● **Instructions for the task**
Copy the records below in full and leave every image out of the copy.

:: Data supplied

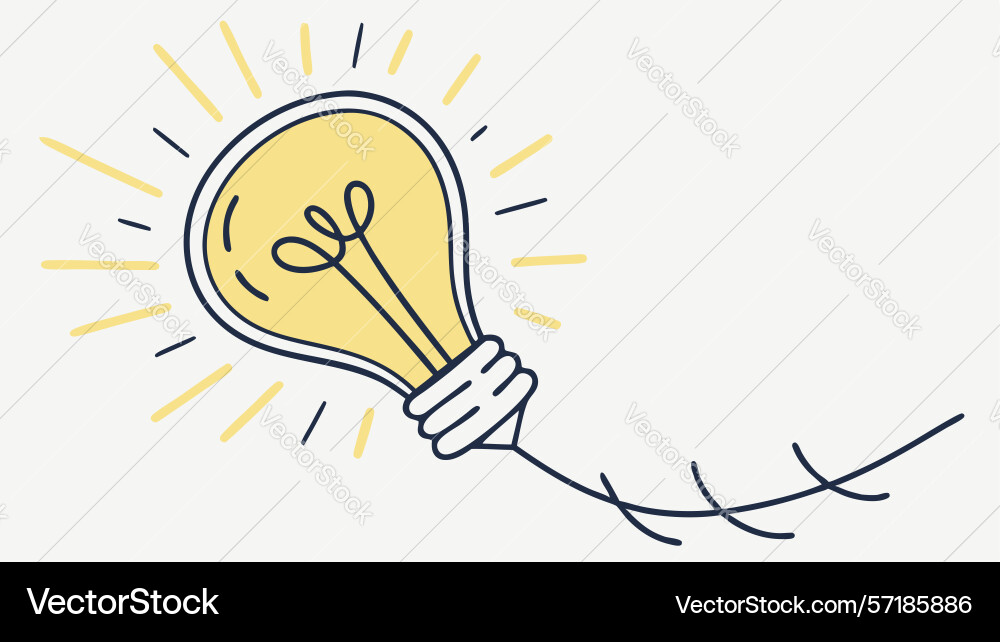 Radiant lightbulb idea outline design generative vector image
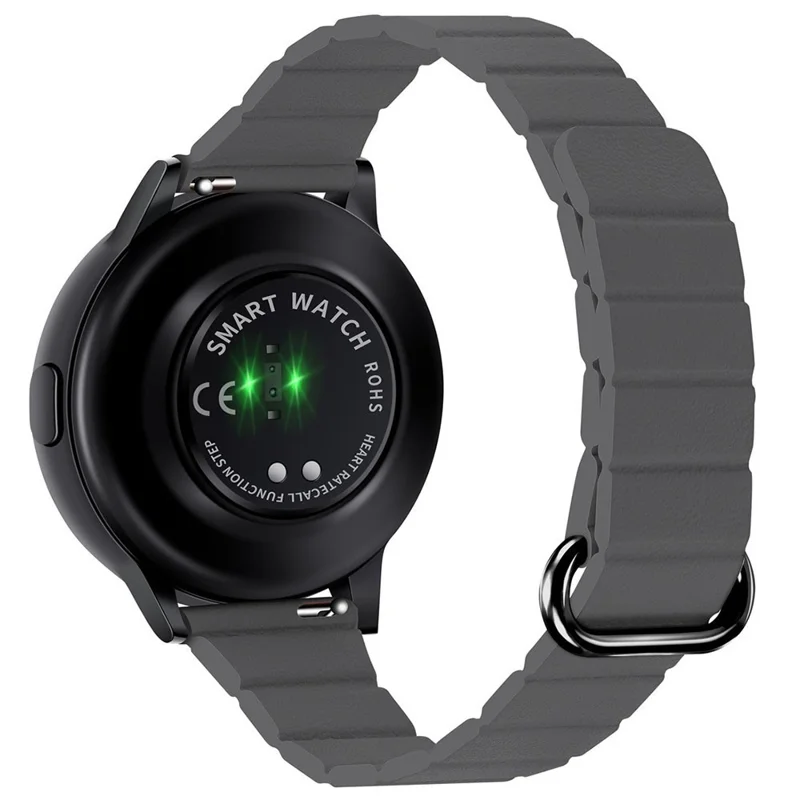 20mm Slim Magnetic Strap for Samsung Galaxy Watch7 / 6 / 5 44mm 40mm / 5 Pro 45mm Microfiber Leather Watch Band Reverse Buckle Design - Grey / Black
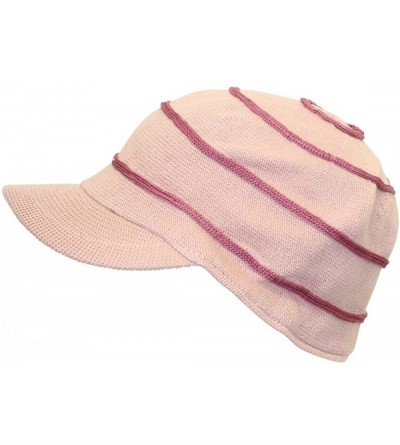 Baseball Caps Cotton Cap Ladies Size Small with Contrast Swirl Design - Pink - CO11QQ0F36B $13.66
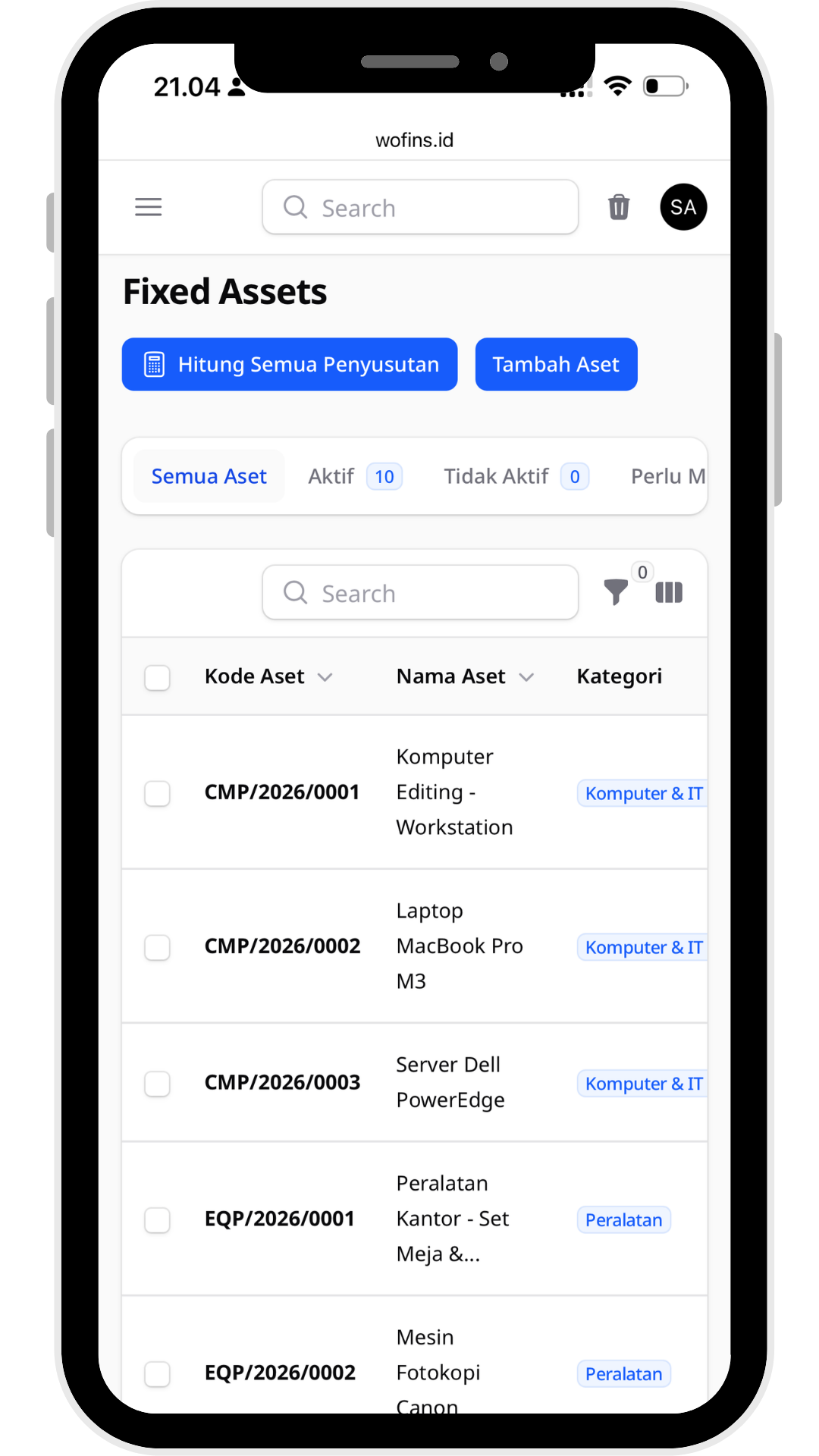 Mobile App Aset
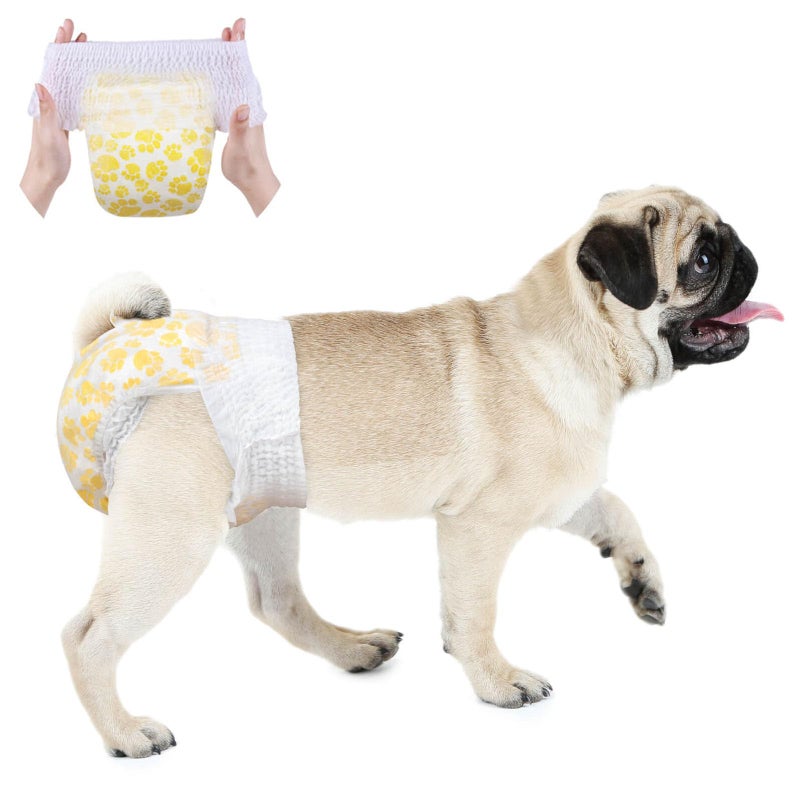Dono Dog Diapers Female, Disposable Full Wrap with Stretchy Waist, 360° Leak-Proof, Absorbent, Heat Period Doggie Diapers for Small and Large Dogs for Heat, 14 PCS - Image 1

::::

● **Solution for this task**
 Radiant lightbulb idea outline design generative vector image
 20mm Slim Magnetic Strap for Samsung Galaxy Watch7 / 6 / 5 44mm 40mm / 5 Pro 45mm Microfiber Leather Watch Band Reverse Buckle Design - Grey / Black
 Baseball Caps Cotton Cap Ladies Size Small with Contrast Swirl Design - Pink - CO11QQ0F36B $13.66
 Mobile App Aset
Dono Dog Diapers Female, Disposable Full Wrap with Stretchy Waist, 360° Leak-Proof, Absorbent, Heat Period Doggie Diapers for Small and Large Dogs for Heat, 14 PCS - Image 1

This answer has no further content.